The Great LakeIt’s been around for years, but slow-motion video footage is a right laugh isn’t it? There’s nothing better than spending hours filming your dog wagging its tail on Snapchat, and then shoving that snail filter thing on it to make everything go dead slow. It’s the sort of footage that gets people talking. In fact, it would be shocking if a slow-motion film didn’t win an Oscar within the next five years.

Leeds’ Napoleon IIIrd have jumped on the slow-mo bandwagon on The Great Lake, their first record in over 6 years. In this time band leader James Mabbett has seemingly been plugging away at his craft, creating the crawling soundscapes and, from the sound of it, watching more than his fair share of Snapchat videos.

Opener “When We Sleep” introduces itself immediately as a challenging mix of Elbow, Eno, and Sigur Ros.

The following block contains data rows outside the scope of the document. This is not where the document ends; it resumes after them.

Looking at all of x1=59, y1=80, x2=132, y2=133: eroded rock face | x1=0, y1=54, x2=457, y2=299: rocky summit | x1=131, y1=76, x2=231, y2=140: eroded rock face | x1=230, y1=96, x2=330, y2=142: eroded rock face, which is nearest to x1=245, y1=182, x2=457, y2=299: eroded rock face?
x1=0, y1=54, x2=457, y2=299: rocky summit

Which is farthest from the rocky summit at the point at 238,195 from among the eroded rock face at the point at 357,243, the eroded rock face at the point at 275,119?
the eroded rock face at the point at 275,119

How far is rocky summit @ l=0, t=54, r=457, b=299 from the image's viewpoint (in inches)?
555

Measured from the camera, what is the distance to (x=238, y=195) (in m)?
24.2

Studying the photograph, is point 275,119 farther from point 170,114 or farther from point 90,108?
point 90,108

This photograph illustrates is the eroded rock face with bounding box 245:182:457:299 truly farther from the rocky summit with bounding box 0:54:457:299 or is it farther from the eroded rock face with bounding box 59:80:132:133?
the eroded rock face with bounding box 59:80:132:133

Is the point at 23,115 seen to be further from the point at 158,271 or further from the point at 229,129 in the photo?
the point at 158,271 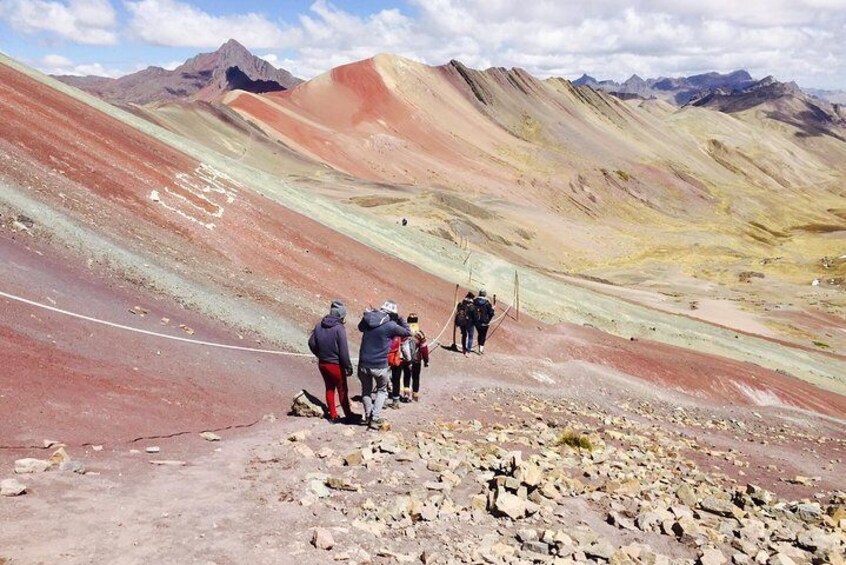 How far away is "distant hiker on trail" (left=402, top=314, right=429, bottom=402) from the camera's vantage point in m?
13.7

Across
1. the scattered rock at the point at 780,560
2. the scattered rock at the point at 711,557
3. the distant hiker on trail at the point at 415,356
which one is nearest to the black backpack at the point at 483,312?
the distant hiker on trail at the point at 415,356

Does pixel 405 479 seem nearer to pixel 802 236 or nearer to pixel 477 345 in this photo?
pixel 477 345

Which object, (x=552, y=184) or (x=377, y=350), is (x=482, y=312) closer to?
(x=377, y=350)

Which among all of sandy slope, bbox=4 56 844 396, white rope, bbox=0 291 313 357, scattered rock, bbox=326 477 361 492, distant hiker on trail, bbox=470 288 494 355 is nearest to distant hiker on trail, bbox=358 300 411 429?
scattered rock, bbox=326 477 361 492

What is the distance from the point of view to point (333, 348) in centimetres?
A: 1120

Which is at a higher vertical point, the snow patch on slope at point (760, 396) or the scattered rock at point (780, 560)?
the scattered rock at point (780, 560)

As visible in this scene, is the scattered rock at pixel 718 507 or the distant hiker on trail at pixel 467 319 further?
the distant hiker on trail at pixel 467 319

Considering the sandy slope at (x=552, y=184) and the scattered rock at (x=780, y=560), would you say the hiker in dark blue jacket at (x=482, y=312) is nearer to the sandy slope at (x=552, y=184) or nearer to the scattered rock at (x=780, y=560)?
the scattered rock at (x=780, y=560)

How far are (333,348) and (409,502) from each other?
3792 mm

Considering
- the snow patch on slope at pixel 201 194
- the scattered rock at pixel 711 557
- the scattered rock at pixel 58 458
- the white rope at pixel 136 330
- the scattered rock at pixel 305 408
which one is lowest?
the scattered rock at pixel 305 408

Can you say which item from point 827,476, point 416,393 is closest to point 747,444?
point 827,476

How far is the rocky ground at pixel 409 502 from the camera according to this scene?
6594 millimetres

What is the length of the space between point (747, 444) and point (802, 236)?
102968 millimetres

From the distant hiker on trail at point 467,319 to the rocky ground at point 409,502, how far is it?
5351 millimetres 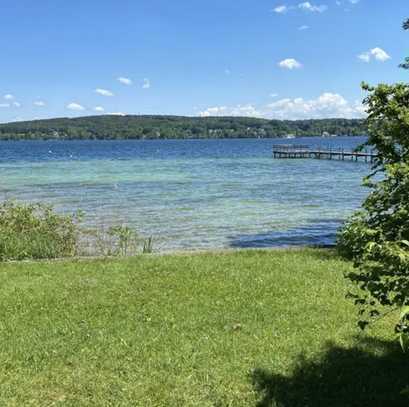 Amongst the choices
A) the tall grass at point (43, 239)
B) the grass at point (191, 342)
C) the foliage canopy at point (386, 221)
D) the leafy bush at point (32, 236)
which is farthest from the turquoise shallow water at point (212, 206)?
the foliage canopy at point (386, 221)

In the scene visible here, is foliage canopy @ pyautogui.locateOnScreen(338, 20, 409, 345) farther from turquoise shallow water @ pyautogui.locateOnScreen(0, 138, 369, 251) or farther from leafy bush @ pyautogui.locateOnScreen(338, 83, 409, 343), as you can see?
turquoise shallow water @ pyautogui.locateOnScreen(0, 138, 369, 251)

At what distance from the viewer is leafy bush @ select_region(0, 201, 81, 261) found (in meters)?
11.6

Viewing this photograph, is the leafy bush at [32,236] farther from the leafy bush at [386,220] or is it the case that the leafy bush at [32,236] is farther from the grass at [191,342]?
the leafy bush at [386,220]

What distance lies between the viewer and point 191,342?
629 cm

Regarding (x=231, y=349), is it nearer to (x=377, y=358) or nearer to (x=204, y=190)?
(x=377, y=358)

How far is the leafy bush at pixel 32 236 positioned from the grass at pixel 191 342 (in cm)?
178

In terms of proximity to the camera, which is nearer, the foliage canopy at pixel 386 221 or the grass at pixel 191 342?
the foliage canopy at pixel 386 221

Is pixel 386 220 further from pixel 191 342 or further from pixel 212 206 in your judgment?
pixel 212 206

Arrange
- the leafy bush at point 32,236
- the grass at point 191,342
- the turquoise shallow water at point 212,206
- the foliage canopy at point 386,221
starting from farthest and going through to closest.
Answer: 1. the turquoise shallow water at point 212,206
2. the leafy bush at point 32,236
3. the grass at point 191,342
4. the foliage canopy at point 386,221

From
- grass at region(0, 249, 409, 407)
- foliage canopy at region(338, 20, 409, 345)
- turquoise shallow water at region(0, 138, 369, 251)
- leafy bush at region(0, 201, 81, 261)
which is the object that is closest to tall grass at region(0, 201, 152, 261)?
leafy bush at region(0, 201, 81, 261)

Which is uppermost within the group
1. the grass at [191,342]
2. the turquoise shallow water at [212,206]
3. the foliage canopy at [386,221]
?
the foliage canopy at [386,221]

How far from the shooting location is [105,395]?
Answer: 5055 millimetres

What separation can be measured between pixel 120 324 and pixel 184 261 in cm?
387

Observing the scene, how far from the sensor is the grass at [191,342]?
16.8 ft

As you’d expect with that concoction, it sounds huge, what with all the strings and whatnot. Somehow though, almost impressively due to its 9-minute length, it manages to go absolutely nowhere, slowly. The track is big for the sake of it, like a super-sized Coca-Cola or Michael Bay explosion sequence. It’s clear to see what the group is aiming for, they’re just missing the mark somehow.

“The Scrap” and “Our Life in Dots” follow the blueprint set out early on. It’s all snail-paced guitars and emotion for emotion's sake. Both tracks force the listener to believe that one more listen will reveal the genius hiding within. Unfortunately, this isn’t the case. Somewhat bizarrely, the tracks give off the impression that they’re “growers” and that after a few listens something will click. This never happens. In fact, if anything, repeat listens reveal a grating nature that is presumably unintentional.

Somewhat paradoxically, the real disappointment with the album comes not with the bad moments, but the few times Napoleon IIIrd sound bleedin’ great. The start of “And The You In Between The Space” is melancholic to the max, like Edwyn Collins crying into the vast well of an alternate universe, or something… Unfortunately, these moments don’t last long, the track soon reverts to its nu-prog ways with some pretty painful atmospherics and yet another build up to nothing.

The Great Lake shows that this whole slow-motion palaver might be harder than it looks. Perhaps it should be left to the experts.